◆ Required work ◆
Transcribe exactly, and only, the lines that fall between the line containing "Australian Made Animal" and the last line of the material, both ends included, omitting any pictures.

━━━━━ Data excerpt ━━━━━

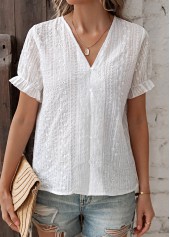 White tops,Plain Color tops,Button White V Neck Short Sleeve Blouse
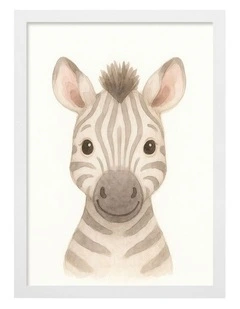 Australian Made Animal Friends Zebra Kids Art Print White Frame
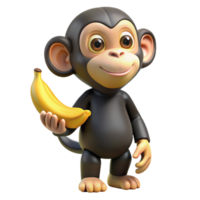 dramatic artistic A playful chimpanzee, holding a banana genuine png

━━━━━

◆ Reply to the task ◆
 Australian Made Animal Friends Zebra Kids Art Print White Frame
 dramatic artistic A playful chimpanzee, holding a banana genuine png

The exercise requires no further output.